* Material provided:
########

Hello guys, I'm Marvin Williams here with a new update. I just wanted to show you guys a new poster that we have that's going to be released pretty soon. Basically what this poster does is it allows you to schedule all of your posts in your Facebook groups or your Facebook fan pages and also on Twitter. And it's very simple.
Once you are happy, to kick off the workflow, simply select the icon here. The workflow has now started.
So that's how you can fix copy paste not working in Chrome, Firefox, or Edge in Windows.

########

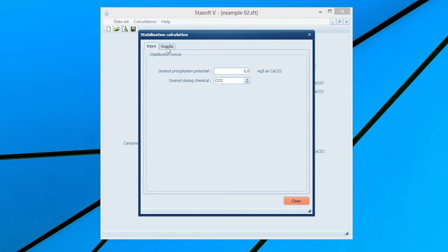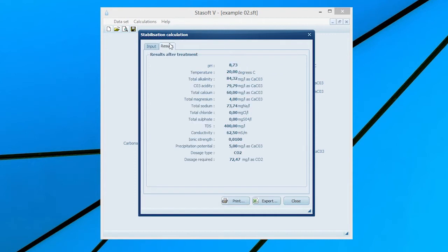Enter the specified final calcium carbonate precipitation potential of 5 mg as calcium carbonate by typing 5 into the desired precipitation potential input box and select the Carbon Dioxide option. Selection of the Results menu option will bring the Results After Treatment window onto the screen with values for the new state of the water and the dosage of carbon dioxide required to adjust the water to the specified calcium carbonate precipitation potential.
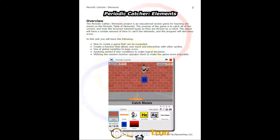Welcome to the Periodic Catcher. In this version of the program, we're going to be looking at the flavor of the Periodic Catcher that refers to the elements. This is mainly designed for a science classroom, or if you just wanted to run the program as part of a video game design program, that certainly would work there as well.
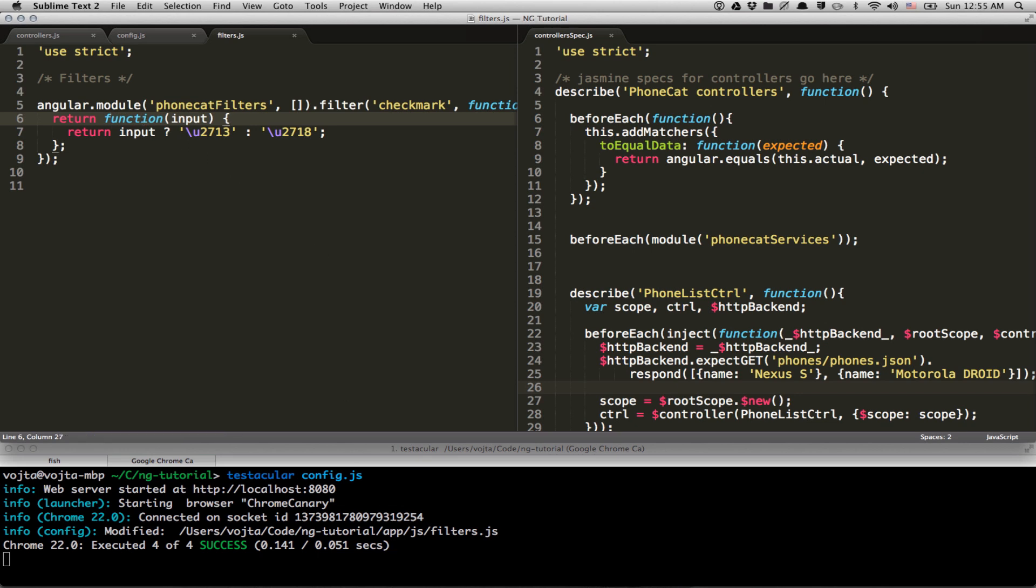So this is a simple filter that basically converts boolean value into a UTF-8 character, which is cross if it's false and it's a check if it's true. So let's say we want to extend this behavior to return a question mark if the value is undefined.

########

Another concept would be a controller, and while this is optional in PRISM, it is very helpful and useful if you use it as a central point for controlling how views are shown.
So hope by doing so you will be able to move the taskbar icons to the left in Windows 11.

########

* Task directions:
Filter the data, keeping only the lines that contain "Windows".

* Reply:
So that's how you can fix copy paste not working in Chrome, Firefox, or Edge in Windows.
So hope by doing so you will be able to move the taskbar icons to the left in Windows 11.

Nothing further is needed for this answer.